Habría motivos de seria preocupación si no tuviéramos una gran clase media educada, moderna y laboriosa que es la que saca el país adelante, a su ritmo, con dificultades y con esfuerzo de todos los días. Es la que se aparta del griterío nacional y contempla la vida pública como si observara pasivamente una obra de teatro en un escenario repleto de políticos, tertulianos, parlanchines y demás héroes de la sociedad mediática que entretienen al personal desde que sale el sol hasta el ocaso.
El colchón de la clase media lo aguanta todo porque no se siente identificada con las elites dirigentes que parece que han olvidado las sutilezas, las complicidades y los matices con los que funciona la sociedad española desde hace ya bastante tiempo. Afortunadamente, las gentes ya no nos movemos con las categorías de blanco y negro, de buenos y malos. Hemos entendido que es más interesante convencer que imponer, razonar que gritar, buscar puntos de encuentro en vez de esperar al adversario en una esquina para darle una paliza.

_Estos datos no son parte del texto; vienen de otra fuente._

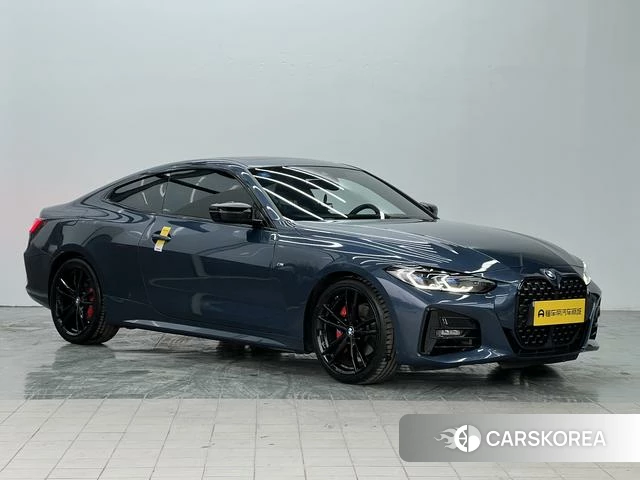 BMW 4 series id 4271259 из Китая 20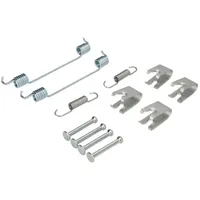 Quick Brake Zubehörsatz, Bremsbacken 105-0040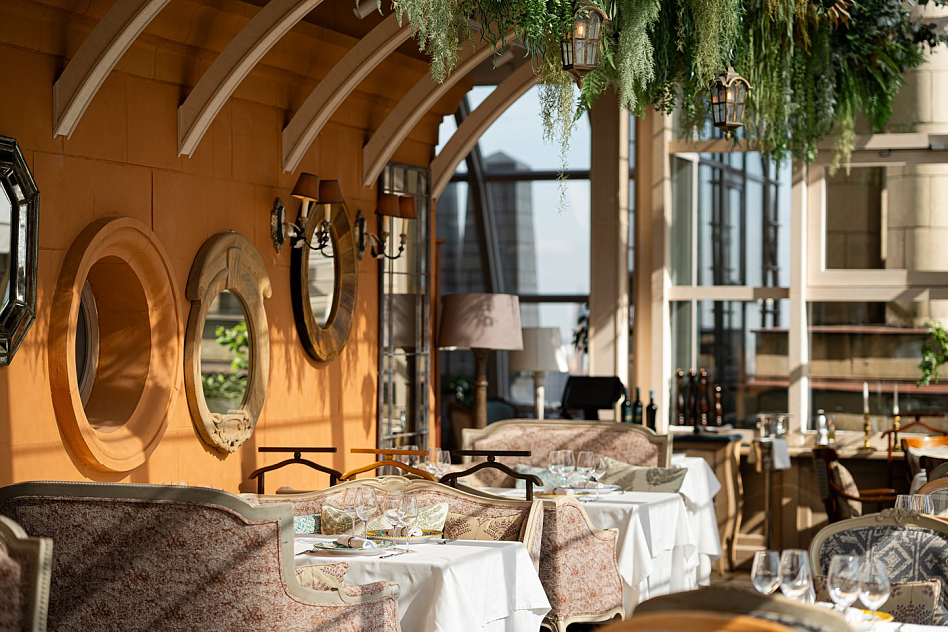 BUONO - фотография № 15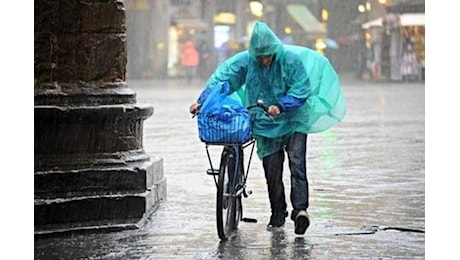 METEO Previsioni: Natale in Puglia all’insegna della variabilità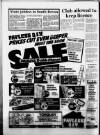 Torbay Express and South Devon Echo Friday 03 February 1984 Page 12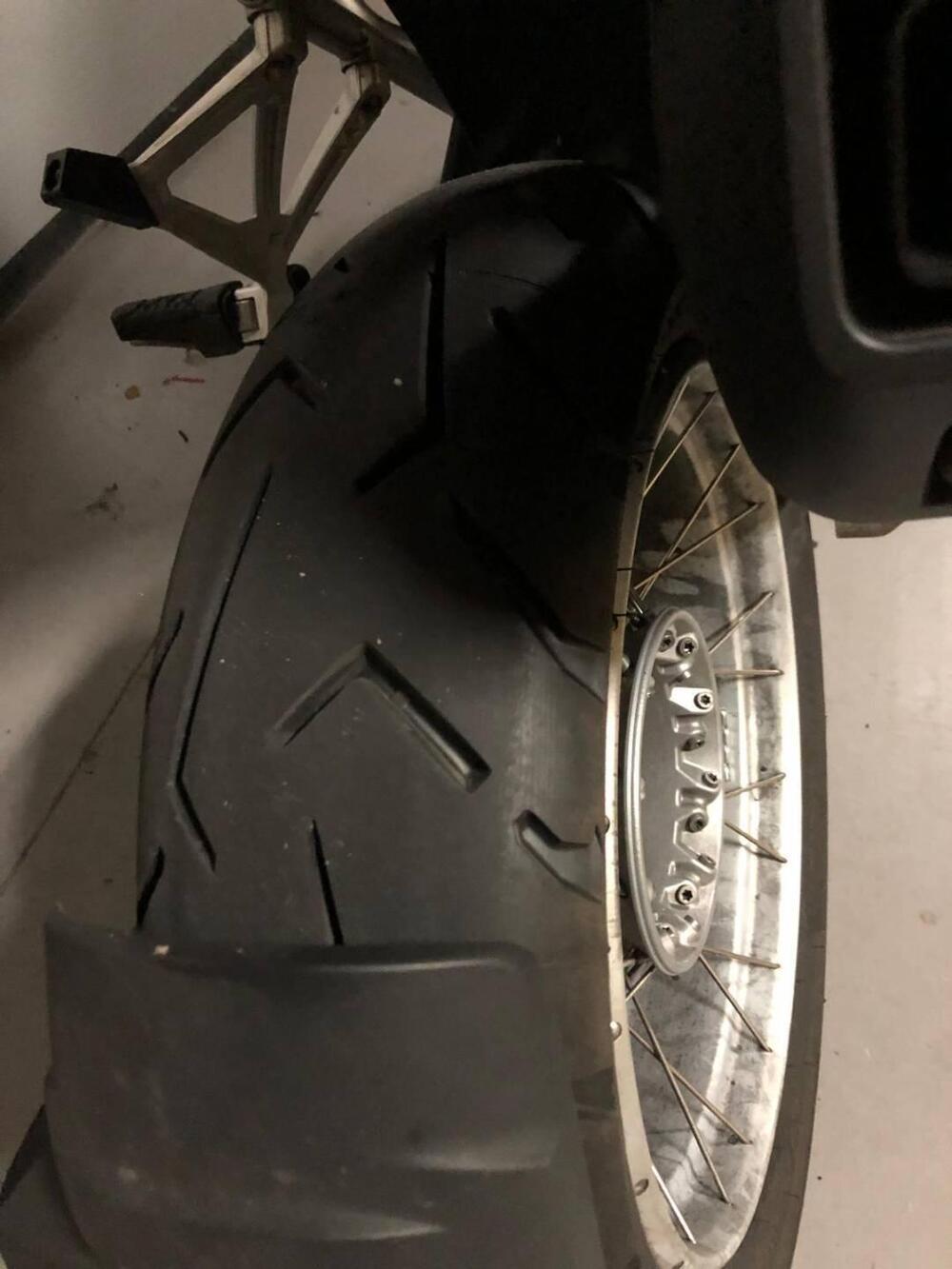 Bmw R 1200 GS (2013 - 16) (7)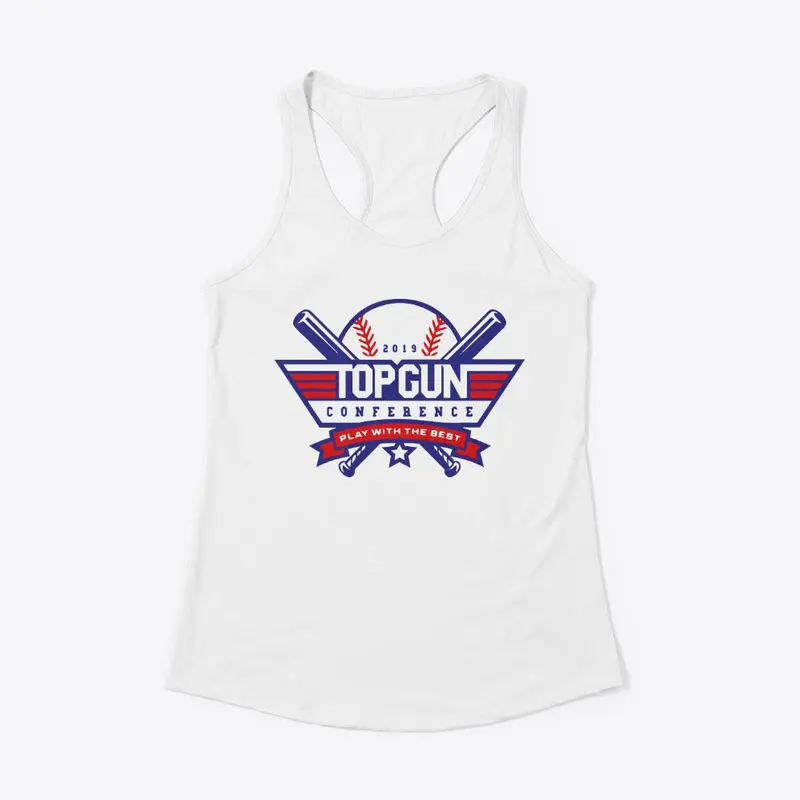 Top Gun T Shirt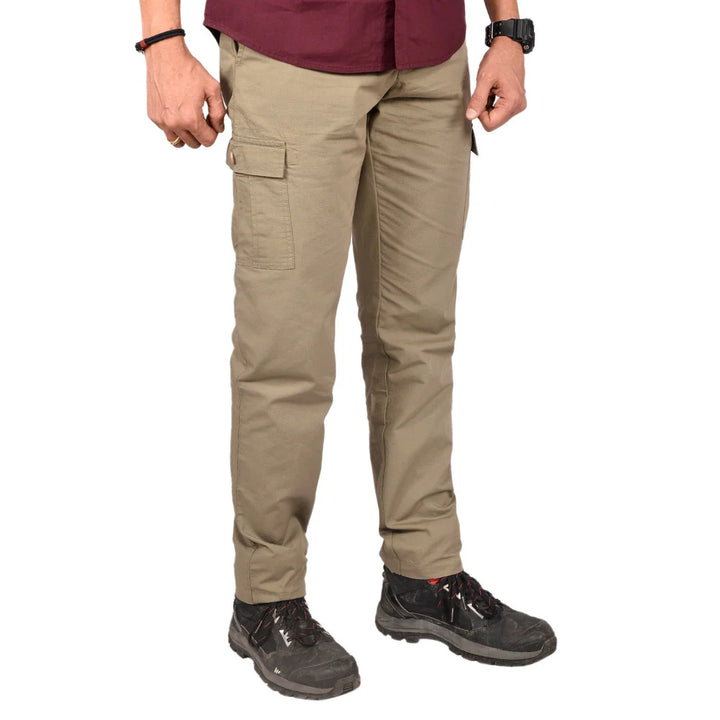 Gokyo Corbett Outdoor Cargo Pants on triQUIP Sports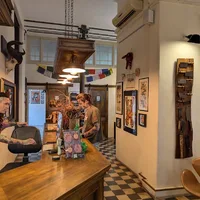 Meatshop Tattoo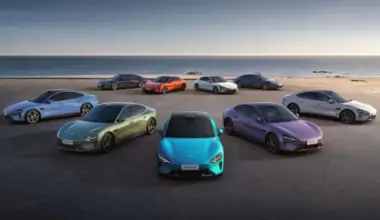 Ķīna pirmo reizi kļūst par pasaules lielāko auto tirgu, apsteidzot Japānu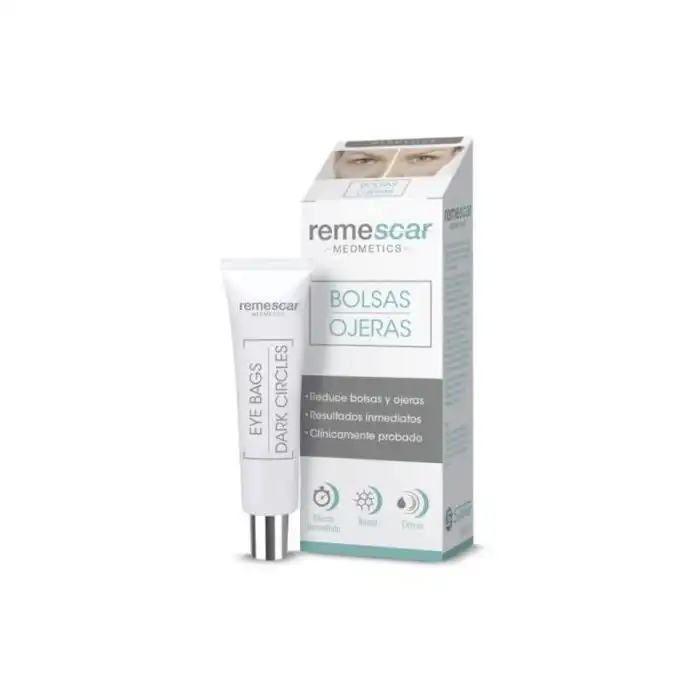 Contorno de Ojos para Bolsas y Ojeras 16 gr - Remescar - Comparador de precios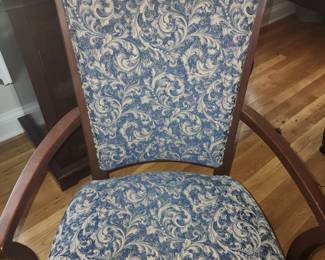 Ethan Allen Armchair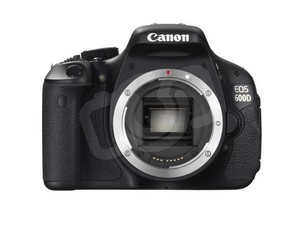 Canon 650D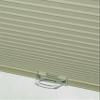 CHICOLOGY Blackout Cellular Shades, Window Blinds Cordless, Blinds for Windows, Window Shades for Home, Door Blinds, Window Coverings, Cellular Blinds,Palmer Green (Blackout), 65.75" W x 72" H view 4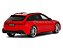 Audi RS 6 (C8) MTM  2021 1:18 GT Spirit Vermelho - Imagem 2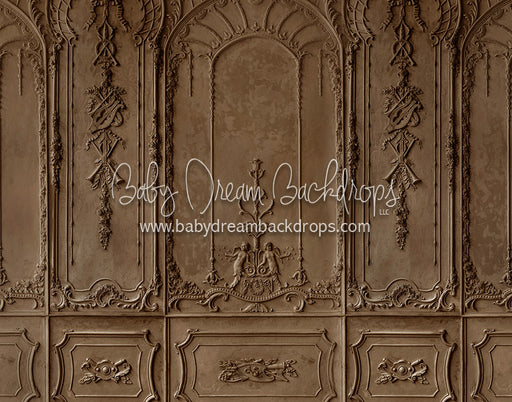 Midnight Elegance - 8x10 - CC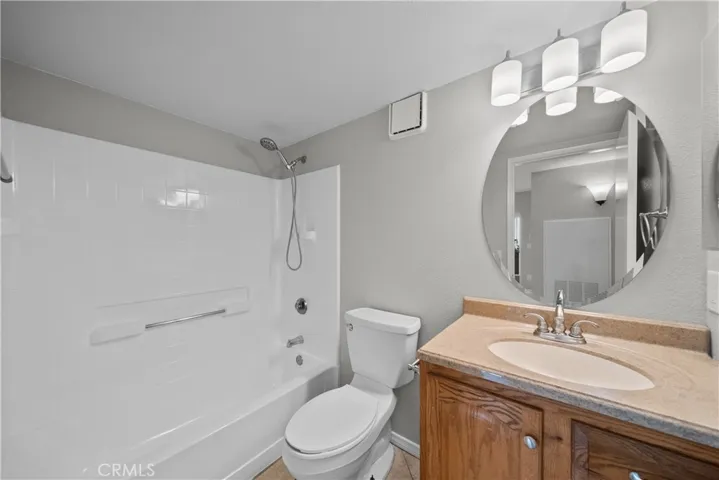 Bathroom 1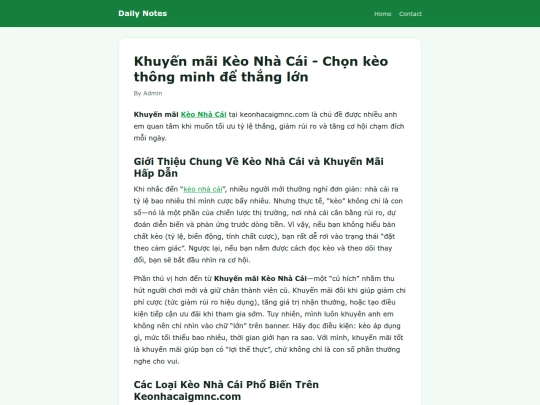khuyen-mai-keo-nha-cai-chon-keo-thong-mi-d1772c screenshot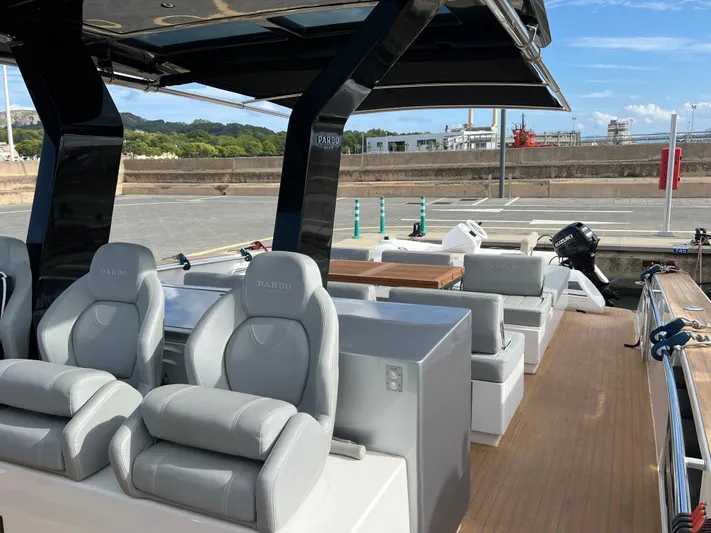 Axel Yacht Photos Pics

La política es necesaria e imprescindible. También los medios de comunicación sin los cuales no existiría la saludable fiscalización de la vida pública para al ciudadano que no tiene acceso directo a los dirigentes que sólo puede contemplar desde las ventanas de la radio, televisión y diarios.
Da la impresión de que los adversarios políticos devienen en enemigos mortales, desde el poder o contra el poder. Sostengo que las divisiones de la clase política son igualmente rotundas hoy que hace setenta años. Las peleas entre los protagonistas de la Segunda República llegaban a sus respectivas clientelas que las hacían suyas porque no podían hacer otra cosa. Ganaron las derechas, después de una sangrienta guerra civil, y la izquierda perdedora fue despreciada después de emprender el doloroso camino del exilio donde acabó sus días entre la tristeza y la nostalgia.
Nuestra clase media no comparte la batalla feroz entre el “nosotros y ellos” que ven en sus dirigentes, instalados en su papel de intransigencia e inmovilidad. No cabe un punto medio, una complicidad que permita suavizar las diferencias que siempre son superables.
Cuando el martes escuchaba al presidente Rodríguez Ibarra llamar cretinos a los catalanes aconsejándonos que nos pusiéramos el dinero donde nos cupiera no me inmuté demasiado. Tampoco cuando la presidenta Esperanza Aguirre sacaba punta política de la adscripción al Barça del presidente Zapatero. Recordé aquella reacción de Azaña cuando un diputado soltó una impertinencia: “permítame que me sonroje por cuenta de su señoría”.